I nod without turning. “Leave it on the table. I’ll review them later.”
A pause. Then, she asks, “You okay? You look… tired.”
“I am. But I’m working.”
She lingers a beat too long before setting the tablet down and stepping back. I hear the hesitation in her breath, like she wants to say something else but doesn’t.
When the door clicks shut behind her, I finally turn.
The screen blinks back at me. Trial 14’s data pulses in slow waves, waiting.
And I feel it again, that strange burn under my skin.
It’s not fear. Not excitement. But something in between.
I push back from the desk and cross to the window. Below, the courtyard is already alive with the thrum of midday routine—interns moving with determined steps, carts squeaking down tiled paths, and staff murmuring as they pass clipped notes and glances between them.
Amidst it all, I see Kade gliding through like he was made of shadow.
I watch him without knowing why. His pace is measured, his hands in his pockets, his face angled slightly downward as if he’s cataloguing everything and nothing. He moves with intent that feels too calm and too deliberate for this place.
I wonder briefly and irrationally if he senses me watching.

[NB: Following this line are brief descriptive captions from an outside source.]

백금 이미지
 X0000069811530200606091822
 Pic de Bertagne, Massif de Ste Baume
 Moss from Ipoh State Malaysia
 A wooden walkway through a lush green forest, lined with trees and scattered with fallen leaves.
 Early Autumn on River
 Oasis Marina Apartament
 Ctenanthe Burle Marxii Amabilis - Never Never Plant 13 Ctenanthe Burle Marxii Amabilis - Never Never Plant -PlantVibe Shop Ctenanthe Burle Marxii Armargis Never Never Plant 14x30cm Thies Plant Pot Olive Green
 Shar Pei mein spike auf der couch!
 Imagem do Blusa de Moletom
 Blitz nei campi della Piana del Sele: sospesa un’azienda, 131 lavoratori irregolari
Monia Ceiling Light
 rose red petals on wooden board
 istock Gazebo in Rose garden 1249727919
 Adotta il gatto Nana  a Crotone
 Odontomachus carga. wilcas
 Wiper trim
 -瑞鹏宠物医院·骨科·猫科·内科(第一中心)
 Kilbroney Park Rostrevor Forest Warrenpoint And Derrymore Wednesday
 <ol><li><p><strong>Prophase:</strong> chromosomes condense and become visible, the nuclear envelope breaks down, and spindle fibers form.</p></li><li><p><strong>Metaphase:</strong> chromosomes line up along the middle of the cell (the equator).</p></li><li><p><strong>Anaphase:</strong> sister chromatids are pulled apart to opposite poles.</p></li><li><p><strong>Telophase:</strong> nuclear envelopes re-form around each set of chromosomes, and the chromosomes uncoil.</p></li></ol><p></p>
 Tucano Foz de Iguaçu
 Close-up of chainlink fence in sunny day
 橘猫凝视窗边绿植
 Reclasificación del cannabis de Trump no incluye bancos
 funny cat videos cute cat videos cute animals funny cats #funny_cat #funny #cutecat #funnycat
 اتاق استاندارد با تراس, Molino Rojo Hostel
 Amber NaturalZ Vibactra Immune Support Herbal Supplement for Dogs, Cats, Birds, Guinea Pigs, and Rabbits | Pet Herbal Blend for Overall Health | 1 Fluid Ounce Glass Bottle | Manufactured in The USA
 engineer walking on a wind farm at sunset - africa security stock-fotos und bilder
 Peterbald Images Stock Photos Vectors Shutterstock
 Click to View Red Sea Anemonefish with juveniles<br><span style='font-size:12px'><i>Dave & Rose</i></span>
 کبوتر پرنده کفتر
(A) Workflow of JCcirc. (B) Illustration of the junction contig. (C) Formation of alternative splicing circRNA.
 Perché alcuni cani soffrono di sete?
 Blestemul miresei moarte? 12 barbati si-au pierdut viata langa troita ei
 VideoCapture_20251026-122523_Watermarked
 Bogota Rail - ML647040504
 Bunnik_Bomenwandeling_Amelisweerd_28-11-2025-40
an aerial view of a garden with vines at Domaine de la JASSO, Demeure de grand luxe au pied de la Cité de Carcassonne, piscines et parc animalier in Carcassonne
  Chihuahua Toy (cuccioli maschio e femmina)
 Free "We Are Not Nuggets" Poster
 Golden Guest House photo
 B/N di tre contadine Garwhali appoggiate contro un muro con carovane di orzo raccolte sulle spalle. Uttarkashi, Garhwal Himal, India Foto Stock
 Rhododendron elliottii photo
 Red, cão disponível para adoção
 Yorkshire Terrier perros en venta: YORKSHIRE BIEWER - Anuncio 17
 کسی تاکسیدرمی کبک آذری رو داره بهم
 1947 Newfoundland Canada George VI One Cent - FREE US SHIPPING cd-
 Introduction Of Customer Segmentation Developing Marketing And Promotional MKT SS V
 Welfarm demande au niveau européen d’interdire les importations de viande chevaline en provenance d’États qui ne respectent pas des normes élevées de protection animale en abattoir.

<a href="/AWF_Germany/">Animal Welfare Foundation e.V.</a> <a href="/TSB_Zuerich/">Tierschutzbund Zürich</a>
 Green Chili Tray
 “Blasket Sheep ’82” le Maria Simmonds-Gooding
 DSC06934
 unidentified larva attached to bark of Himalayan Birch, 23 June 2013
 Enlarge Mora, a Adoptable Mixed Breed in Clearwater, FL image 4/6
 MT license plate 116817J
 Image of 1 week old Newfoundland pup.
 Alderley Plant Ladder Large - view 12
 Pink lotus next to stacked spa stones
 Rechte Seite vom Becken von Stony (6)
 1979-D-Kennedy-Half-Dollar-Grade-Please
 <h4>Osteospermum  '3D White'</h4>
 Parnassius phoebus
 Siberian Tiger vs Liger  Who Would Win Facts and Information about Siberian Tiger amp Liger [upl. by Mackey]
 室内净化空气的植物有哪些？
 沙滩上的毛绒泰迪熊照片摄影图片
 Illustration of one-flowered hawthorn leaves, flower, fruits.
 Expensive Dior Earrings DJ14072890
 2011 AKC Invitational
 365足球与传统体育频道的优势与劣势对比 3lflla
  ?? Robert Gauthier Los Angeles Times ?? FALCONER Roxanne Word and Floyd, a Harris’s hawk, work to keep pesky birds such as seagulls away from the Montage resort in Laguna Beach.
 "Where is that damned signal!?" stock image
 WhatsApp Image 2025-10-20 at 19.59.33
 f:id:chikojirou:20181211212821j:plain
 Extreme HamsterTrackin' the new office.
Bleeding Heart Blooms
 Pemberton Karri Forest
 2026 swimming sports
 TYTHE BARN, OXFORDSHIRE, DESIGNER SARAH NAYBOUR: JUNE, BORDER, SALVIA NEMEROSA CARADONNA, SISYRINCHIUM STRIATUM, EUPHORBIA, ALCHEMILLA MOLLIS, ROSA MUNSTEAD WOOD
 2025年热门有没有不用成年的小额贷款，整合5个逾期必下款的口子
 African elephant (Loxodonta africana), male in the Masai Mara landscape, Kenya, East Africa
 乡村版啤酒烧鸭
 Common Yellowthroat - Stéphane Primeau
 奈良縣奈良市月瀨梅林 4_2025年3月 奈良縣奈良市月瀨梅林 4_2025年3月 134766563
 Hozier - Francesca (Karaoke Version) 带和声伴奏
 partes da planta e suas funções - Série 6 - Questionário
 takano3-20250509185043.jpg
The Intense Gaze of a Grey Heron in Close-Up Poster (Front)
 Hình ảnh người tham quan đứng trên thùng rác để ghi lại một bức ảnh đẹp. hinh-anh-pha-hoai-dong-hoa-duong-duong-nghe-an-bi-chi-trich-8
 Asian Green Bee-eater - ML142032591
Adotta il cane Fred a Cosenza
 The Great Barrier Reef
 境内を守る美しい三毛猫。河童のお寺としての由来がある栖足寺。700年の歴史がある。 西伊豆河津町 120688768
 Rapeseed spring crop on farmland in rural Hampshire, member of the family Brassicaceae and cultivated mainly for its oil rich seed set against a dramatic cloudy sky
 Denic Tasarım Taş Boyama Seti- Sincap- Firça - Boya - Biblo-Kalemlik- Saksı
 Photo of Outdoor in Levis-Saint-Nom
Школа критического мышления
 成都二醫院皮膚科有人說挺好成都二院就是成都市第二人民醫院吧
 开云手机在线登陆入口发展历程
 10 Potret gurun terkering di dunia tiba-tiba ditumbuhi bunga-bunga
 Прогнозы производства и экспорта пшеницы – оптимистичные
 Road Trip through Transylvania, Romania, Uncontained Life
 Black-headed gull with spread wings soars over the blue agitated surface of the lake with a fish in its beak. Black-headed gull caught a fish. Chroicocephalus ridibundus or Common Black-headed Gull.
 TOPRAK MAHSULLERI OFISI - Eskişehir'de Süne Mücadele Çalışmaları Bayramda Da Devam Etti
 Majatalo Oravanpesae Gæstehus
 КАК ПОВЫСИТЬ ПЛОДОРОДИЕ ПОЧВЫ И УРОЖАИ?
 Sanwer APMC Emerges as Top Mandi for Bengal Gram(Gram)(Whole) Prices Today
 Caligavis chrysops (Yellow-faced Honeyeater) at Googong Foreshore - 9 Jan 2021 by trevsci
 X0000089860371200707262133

If he knows I’m standing here, hidden behind thick glass and reflection, observing the careful calculation in every step he takes.
There’s a sharp elegance in the way he moves, a grace too refined to be purely professional. It unsettles something in me. It’s like he’s always hunting something unseen. Or waiting to be hunted himself.
A chill slips across my skin, though the room hasn’t changed.
I return to my seat.
There’s still more to do.
Much more.
My eyes flick to the corner of the monitor. It reads 11:47 a.m.
Shit.
The message from earlier flashes back into memory.Rourke wants a progress update before noon.I’d let it slide and buried it beneath the weight of Trial 14, but time has a cruel way of catching up.